La conferma di Luigi Federico Signorini, vicedirettore della Banca d’Italia, è finita nel mirino di Di Maio e Salvini, mettendo in imbarazzo il premier Conte. Signorini è un ripolese di adozione. E’ nato a Firenze e, da quando è arrivato ai vertici di Bankitalia, vive a Roma. Il suo buen retiro, però, è da sempre in una casa, che appartiene da generazioni alla sua famiglia, sulle colline di Grassina. E’ lì che torna, ogni volta che gli è possibile, in cerca di tranquillità.

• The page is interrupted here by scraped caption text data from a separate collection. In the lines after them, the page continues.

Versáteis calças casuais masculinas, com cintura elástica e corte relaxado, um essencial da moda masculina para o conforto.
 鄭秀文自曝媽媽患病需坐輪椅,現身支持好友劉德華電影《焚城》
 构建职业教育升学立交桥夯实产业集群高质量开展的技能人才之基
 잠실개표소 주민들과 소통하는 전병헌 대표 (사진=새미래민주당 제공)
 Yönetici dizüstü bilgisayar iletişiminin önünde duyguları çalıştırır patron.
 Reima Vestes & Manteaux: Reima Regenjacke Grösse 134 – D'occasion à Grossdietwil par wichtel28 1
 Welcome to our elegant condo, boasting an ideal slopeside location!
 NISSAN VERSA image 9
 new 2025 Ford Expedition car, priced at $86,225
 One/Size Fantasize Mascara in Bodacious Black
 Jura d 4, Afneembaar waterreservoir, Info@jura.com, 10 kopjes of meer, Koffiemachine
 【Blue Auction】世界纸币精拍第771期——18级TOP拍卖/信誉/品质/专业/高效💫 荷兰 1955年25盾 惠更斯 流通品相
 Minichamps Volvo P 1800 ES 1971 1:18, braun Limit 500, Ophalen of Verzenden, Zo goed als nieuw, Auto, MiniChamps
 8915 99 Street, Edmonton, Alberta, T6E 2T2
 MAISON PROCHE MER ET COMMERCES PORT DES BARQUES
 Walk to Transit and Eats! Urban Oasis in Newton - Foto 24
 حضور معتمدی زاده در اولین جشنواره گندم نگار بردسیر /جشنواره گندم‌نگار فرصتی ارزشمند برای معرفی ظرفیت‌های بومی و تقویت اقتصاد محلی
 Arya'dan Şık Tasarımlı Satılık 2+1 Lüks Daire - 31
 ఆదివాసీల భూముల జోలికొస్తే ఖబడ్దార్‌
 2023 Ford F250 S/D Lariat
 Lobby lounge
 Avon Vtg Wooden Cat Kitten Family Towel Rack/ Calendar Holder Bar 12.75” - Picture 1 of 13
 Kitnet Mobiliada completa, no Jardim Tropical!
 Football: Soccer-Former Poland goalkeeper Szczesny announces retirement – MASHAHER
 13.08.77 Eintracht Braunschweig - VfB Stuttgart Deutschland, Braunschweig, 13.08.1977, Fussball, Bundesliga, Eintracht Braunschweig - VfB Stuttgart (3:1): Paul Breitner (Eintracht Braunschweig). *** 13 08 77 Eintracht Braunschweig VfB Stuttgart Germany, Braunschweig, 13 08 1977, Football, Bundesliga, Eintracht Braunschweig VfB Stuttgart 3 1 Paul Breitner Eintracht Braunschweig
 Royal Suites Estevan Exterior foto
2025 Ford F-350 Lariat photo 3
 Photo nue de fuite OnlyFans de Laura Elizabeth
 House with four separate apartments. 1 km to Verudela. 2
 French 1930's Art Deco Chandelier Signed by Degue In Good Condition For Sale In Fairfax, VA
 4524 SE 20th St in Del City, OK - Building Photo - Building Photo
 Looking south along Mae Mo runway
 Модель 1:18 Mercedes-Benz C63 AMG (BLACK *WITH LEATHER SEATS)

Faccio subito una premessa per lealtà con i lettori. Sono amico di Signorini da oltre quarant’anni, ciò nonostante ho la presunzione di poter dare su di lui un giudizio non condizionato dal rapporto personale. Sulle competenze di Signorini non possono esservi dubbi. Ha un curriculum sfavillante (senza necessità di imbellettamenti). Ma, soprattutto, è persona di rigore morale e onestà intellettuale. Non gli ho mai sentito prendere una posizione per opportunismo o convenienza. E’ stato critico sulla manovra finanziaria del governo? Dovrebbe essere accolto come un pregio. E’ evidente che non siamo di fronte ad un funzionario della Banca d’Italia pronto a tradire le proprie convinzioni per farsi benvolere. Quando ha dato quel giudizio sapeva chi c’era al governo e che il suo mandato era in scadenza. Quanti avrebbero fatto altrettanto?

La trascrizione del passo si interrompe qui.